A través de un laberinto histórico de patios y pasillos recorremos los doscientos cincuenta metros desde el servicio educativo de las Casas del Parlamento, al pie de Torre Victoria, la sur, opuesta a la Isabel (la del Big Bien), hasta una entrada lateral, la más próxima al río, del Westminster Hall. Vamos a dar a prácticamente delante del ataúd, a no más de seis metros. Es la vez que más cerca he estado de la reina. Y, no sé por qué, quizás por la emoción o la conmoción, recuerdo de repente unas palabras de Crimen y castigo, cuando la joven prostituta, Sonia, le dice a Raskolnikov: “No me quites la fe. Es todo lo que tengo". Y el asesino Raskolnikov le responde: "No me quites mi falta de fe. Es todo lo que tengo". El encuentro con el ataúd y sus fieles ha sido un shock: entre la historia y la actualidad. Entre la fe y la falta de fe.

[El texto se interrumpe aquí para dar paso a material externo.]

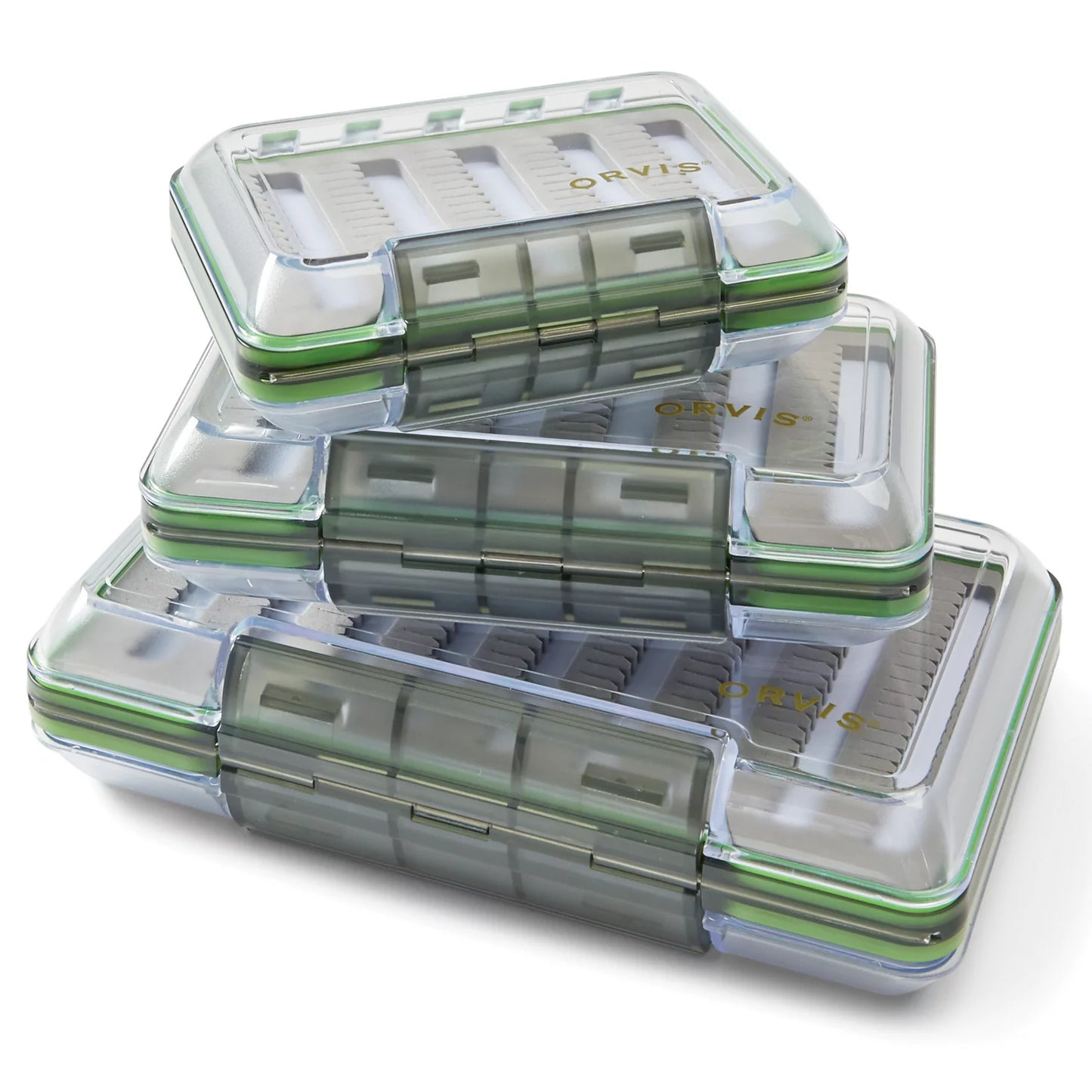 Double-Sided Fly Box / Orvis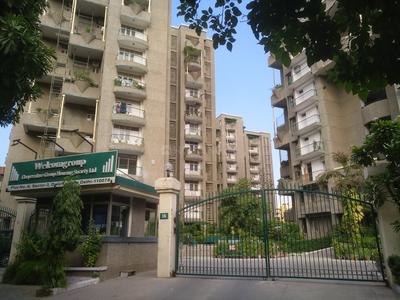 Welcomgroup Apartments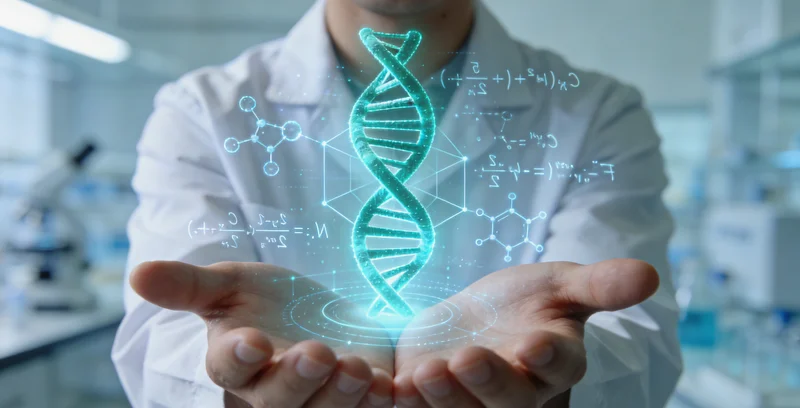 开原BRAF基因突变检测科普图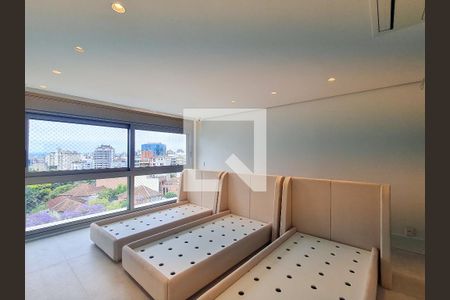 Apartamento à venda com 388m², 4 quartos e 4 vagasSuite 3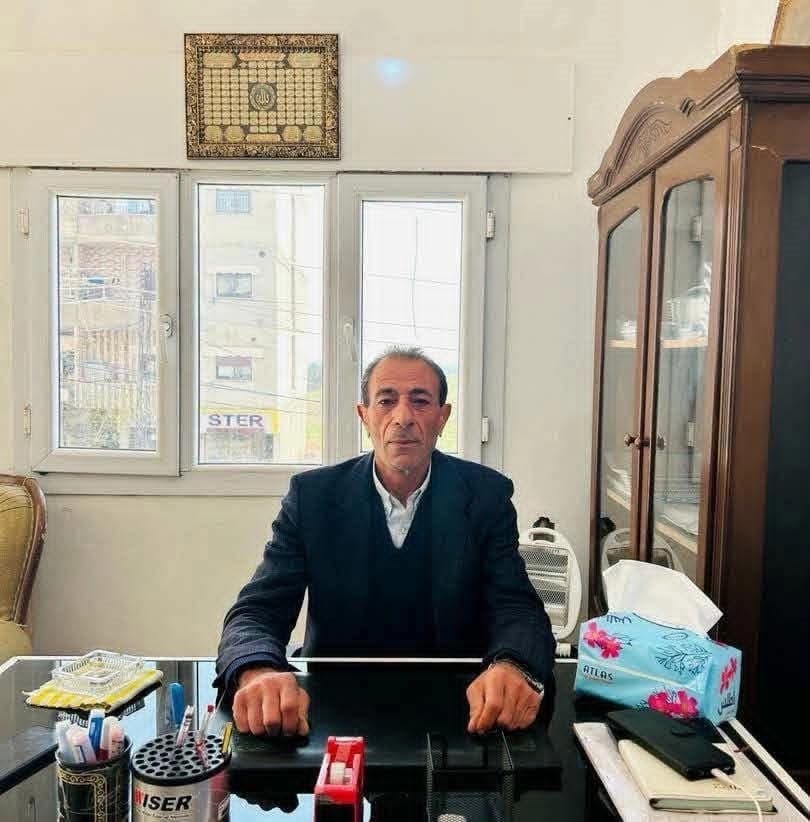حەسەن کەلەش
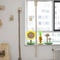 55 In Vertical WallMounted Sisal Scratching Column 5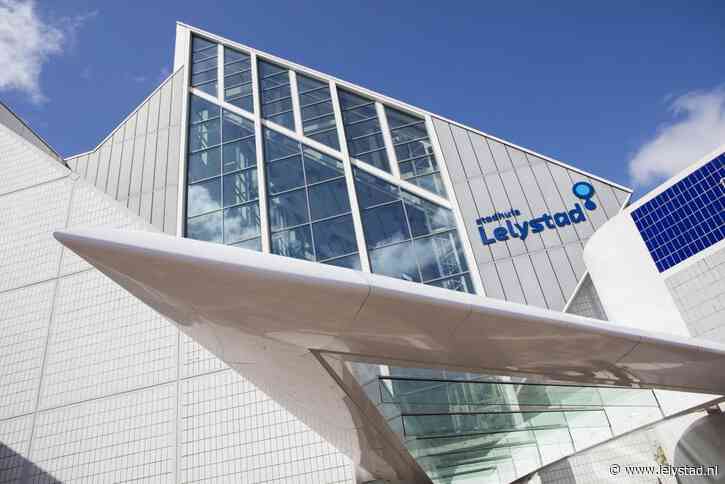 Duurzame ontwikkeling Lelystad weer stap verder met Lelystads Energie Fonds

Pero la iluminación, la combinación de colores, el cuidado de la puesta en escena y la composición del cuadro es la misma que en los grandes museos reservan para las grandes obras de los genios. El catafalco y el ataúd y el estandarte real que lo cubre; la corona del estado imperial, el orbe y el cetro, y los soldados que lo rodean todo, en conjunto, son una obra de arte efímera. El lunes, a las 6.30 horas, será definitivamente historia. Y centenares de miles de británicos podrán decir: "Yo estuve; yo hice historia". ¿Adorando a una reina?

Una leve y silenciosa riada humana pasa por delante del ataúd desde ayer por la tarde. Nos la cruzamos sobre la alfombra del Hall, que esconde la piedra y sus sonidos, pero el flujo no para. Sí que sorprende, claro, cuando se ve aparecer una pandilla de fantasmas –mujeres y hombres de negro–, como surgidos de un pasillo secreto desde las entrañas del Parlamento. Estamos entre muros medievales, la parte más antigua –o la única que se conserva– del palacio original, del 1097, y quizás piensan que ya deben de ser habituales, estas apariciones. Stranger Things, que no es una citación exacta de Shakespeare, pero casi: en concreto, de Hamlet.

No podemos hablar con los fieles. No podemos explicarles nuestra presencia privilegiada. Lucy, la misma oficial que nos ha aleccionado sobre el comportamiento que hay que observar en el Hall, nos lleva hacia la plataforma –mecanotubo, madera–, una tribuna elevada, desde donde observaremos el desfile. Nada de móviles, nada de ordenadores. Vieja escuela: bolígrafo y libreta para tomar notas.

La referencia son las imágenes de la capilla ardiente que se pueden seguir por YouTube. Estamos a la izquierda, en la parte inferior, fuera del cuadro. Miro, observo a los que están en la cola –algunos inclinan la cabeza, otros lloran, otros poco más que pasean y admiran el techo, de madera, una maravilla arquitectónica del siglo XIV– y también me siento observado. Intercambio de miradas: "¿Y tú, qué haces, aquí?" "¿Y usted?" "No me quite mi fe". "No me quite mi falta de fe".

Salgo del palacio y voy hacia la cola, que se alarga y no se acaba; es la cola del fin del mundo. Y cuando la recorro, hasta seis kilómetros, hasta el Tower Bridge, casi, dudo de si también es la del fin de un mundo. Pero más allá, seguro que hay otro.